Gowns: The associate and certificate gown is silver in color and features a traditional design. The bachelor’s gown is black and has a pointed sleeve. The master’s gown has an oblong sleeve open at the wrist (some older gowns may be open near the upper part of the arm.)  The doctoral gown has bell-shaped sleeves, full-length velvet panels on the front, and three velvet crossbars on each sleeve in black, blue, or the color distinctive to the degree. Gowns for the Doctor of Philosophy (Ph.D.) are dark blue, and gowns for the Doctor of Education (Ed.D.) are light blue.

Hoods: The hood, draped over the shoulder and down the back, indicates the subject to which the degree pertains and the university that conferred the degree. The level of the degree is indicated by the size of the hood. The velvet binding of the hood is the color designating the subject of the degree. The satin lining of the hood indicates the university conferring the degree.

Caps: In the United States, the mortar board is commonly used.

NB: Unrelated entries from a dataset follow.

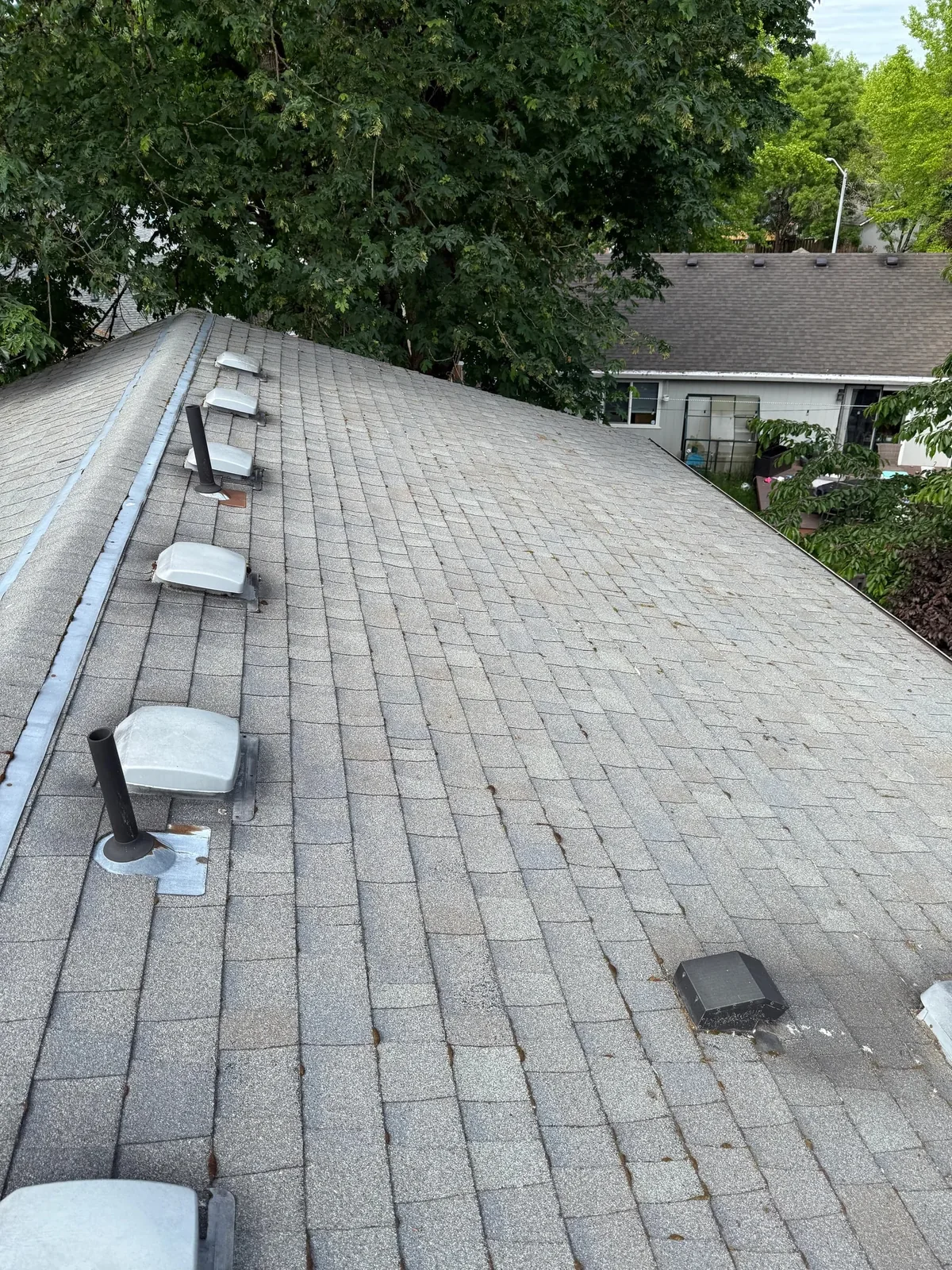 Clean asphalt shingle roof plane with ridge vents after moss treatment in Hillsboro
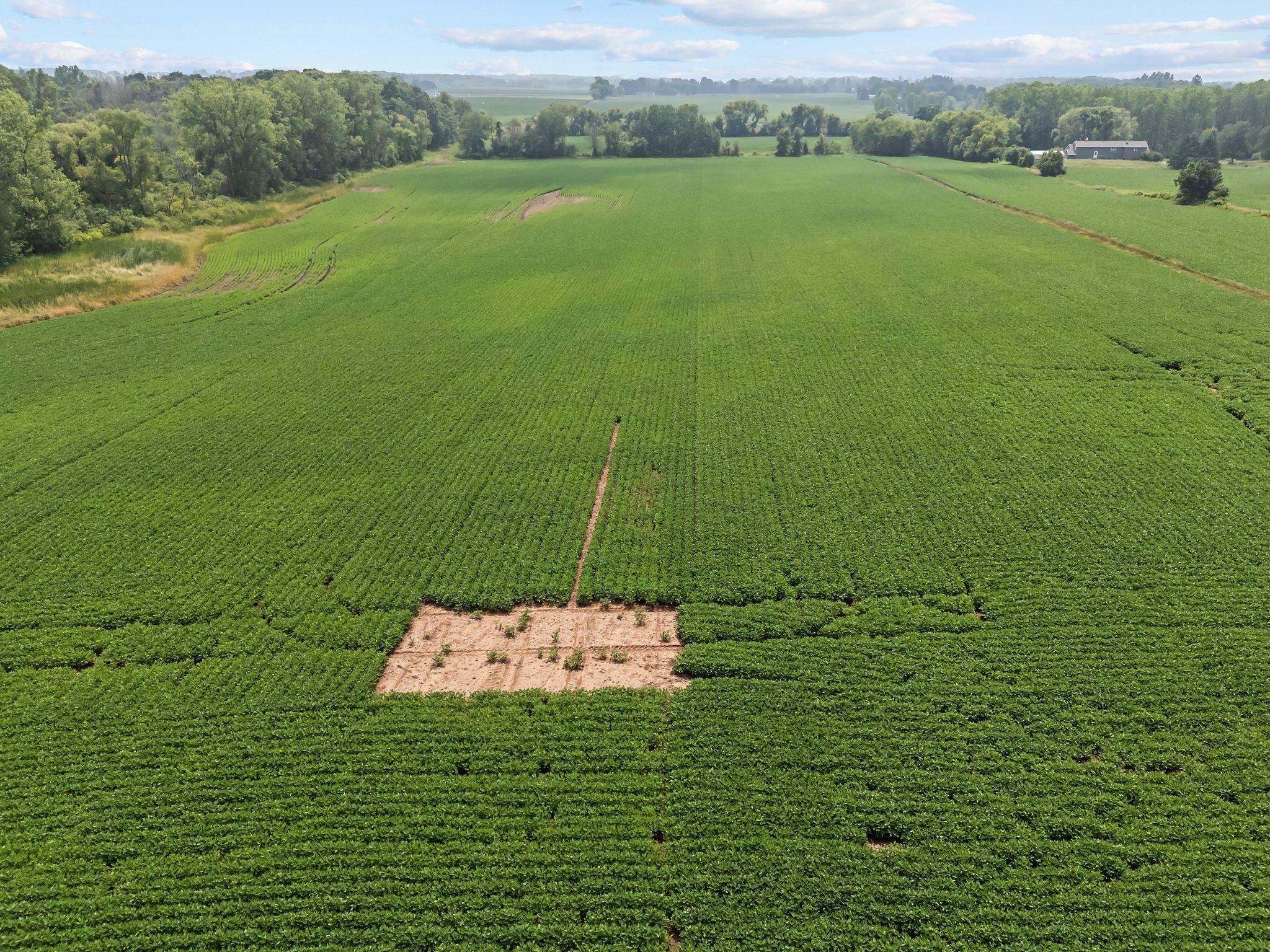 Greenville, Wisconsin 54942, United States, ,Land,Active,177882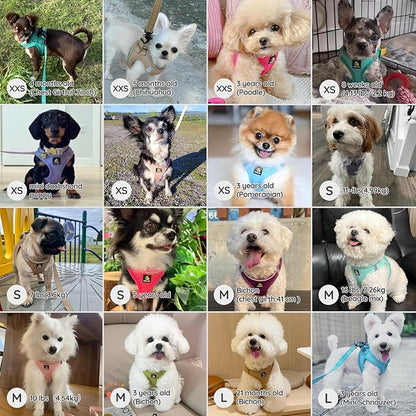 BELLA & PAL Step in Vest Harness for Small and Medium Dogs, No Pull Small Dog Harness with Leash Set, Comfortable Air Mesh Dog Vest Harness with Reflective Strip (Grape Purple, L)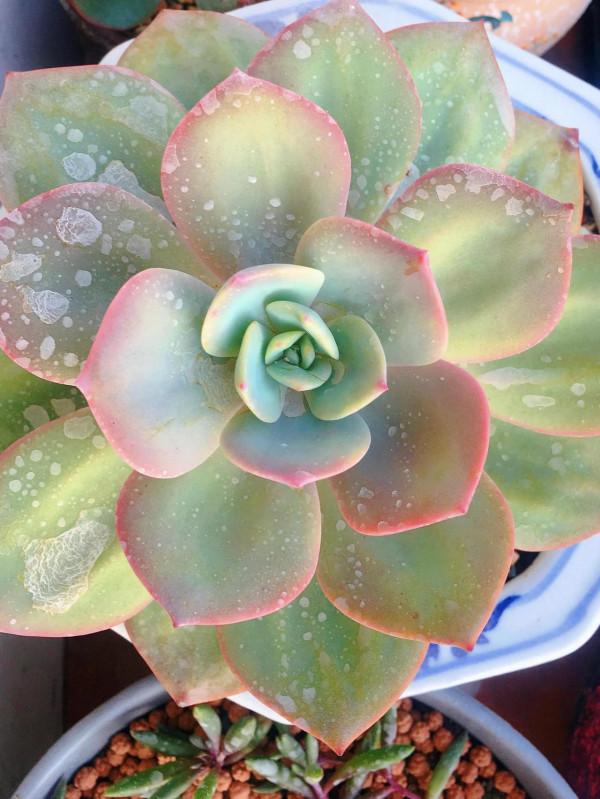 落日餘暉映照下的多肉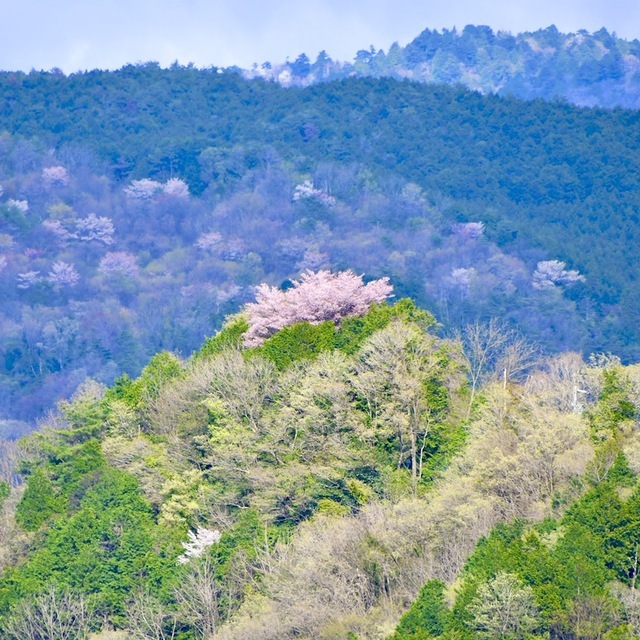 玉蔵桜、木曽川旧玉蔵橋の崖の上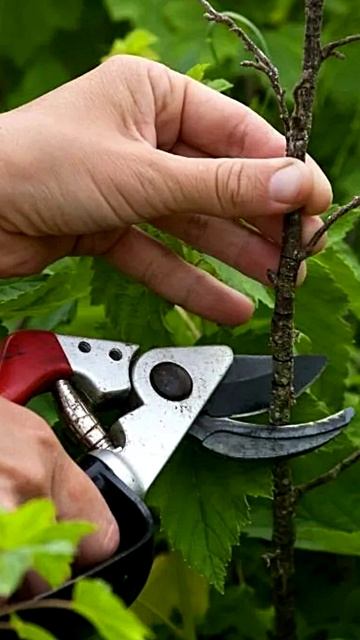 ПРАВИЛЬНАЯ ОСЕННЯЯ ОБРЕЗКА ПЛОДОВЫХ! ВОТ КАК НУЖНО СДЕЛАТЬ! #сад #огород #shorts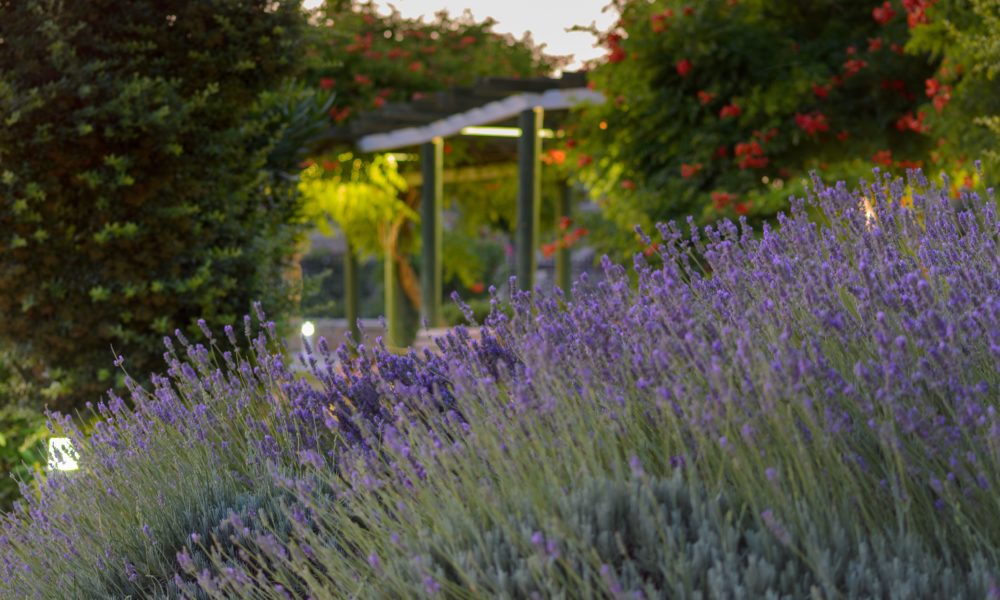 Mediterraner Garten gestalten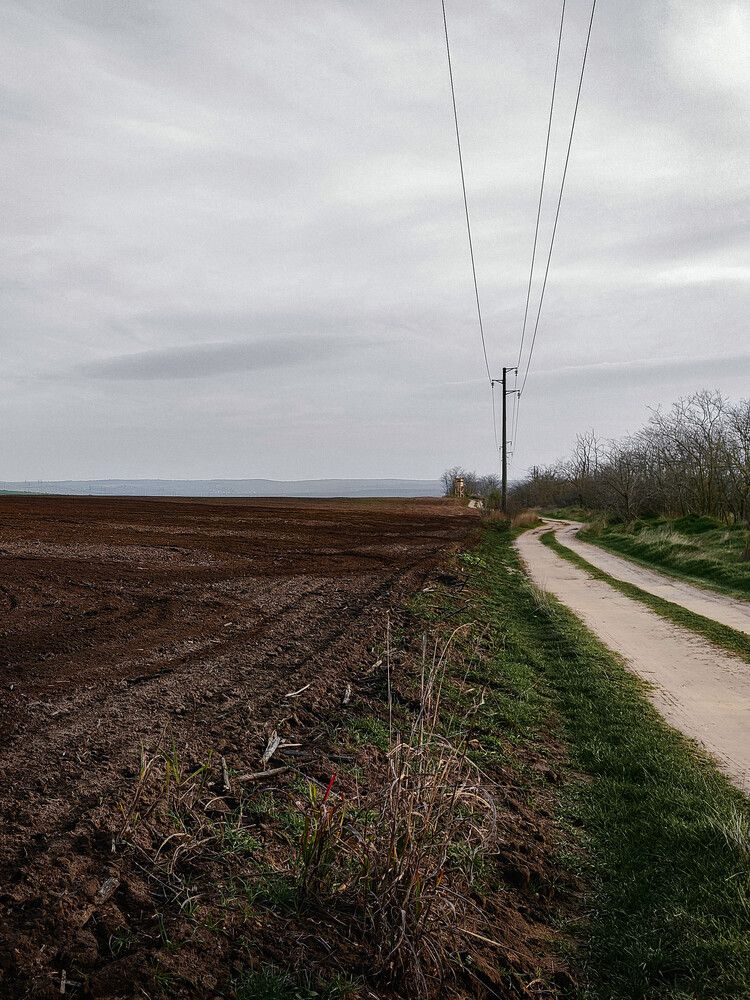 The field (5)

The mortar board is black for those receiving a bachelor’s degree and silver for those receiving an associate degree. The tassel, fastened to the center of the cap, is normally worn in the left front quadrant of the cap after a degree is conferred. All undergraduates receiving degrees wear red tassels. Candidates for the Master of Business Administration wear drab tassels. Faculty tassels may be black, gold or the color appropriate to the subject of the degree. The tassel for the doctoral cap may be of gold thread.

Student Honor Cords: An Honor Cord is traditionally a token consisting of twisted cords with tassels on either end awarded to members of honor societies and academic programs. Sashes, stoles or medallions may be given in place of cords. Unlike hoods and stoles, by tradition more than one cord may be worn at the same time.